== Task brief ==
Down to the last line below, write out every line exactly, starting with the one that contains "Taiwan Dog Clipart" and leaving out the pictures.

== Available data ==
============

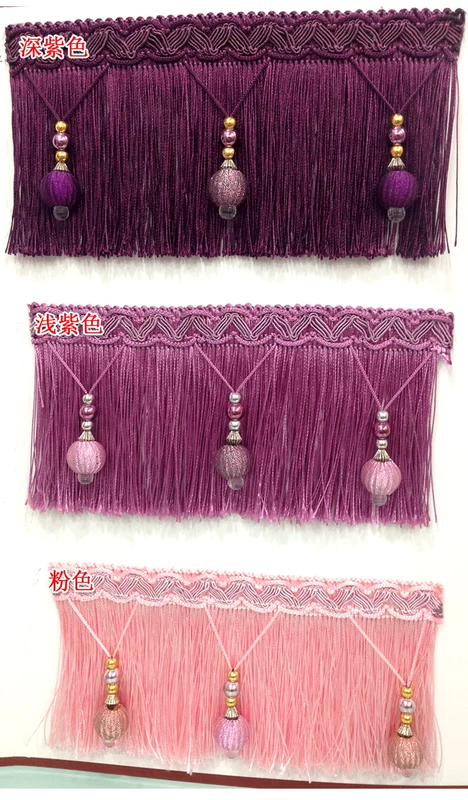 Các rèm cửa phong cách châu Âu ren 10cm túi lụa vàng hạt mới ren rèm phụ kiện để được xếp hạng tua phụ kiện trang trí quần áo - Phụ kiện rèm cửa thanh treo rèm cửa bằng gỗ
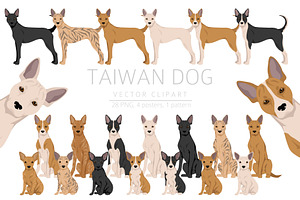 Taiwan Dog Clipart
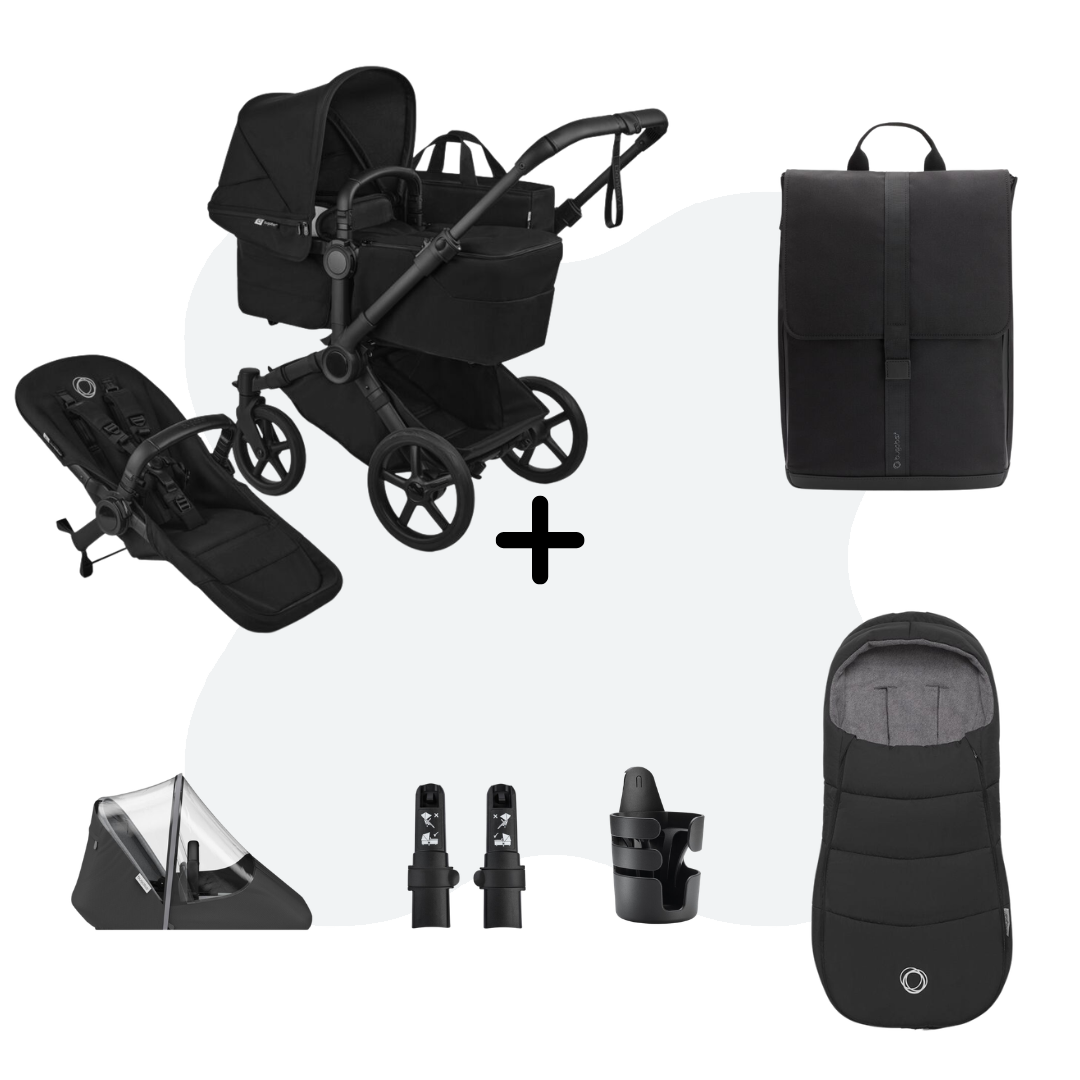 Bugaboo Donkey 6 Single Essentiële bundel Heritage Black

============

== Result ==
 Taiwan Dog Clipart
 Bugaboo Donkey 6 Single Essentiële bundel Heritage Black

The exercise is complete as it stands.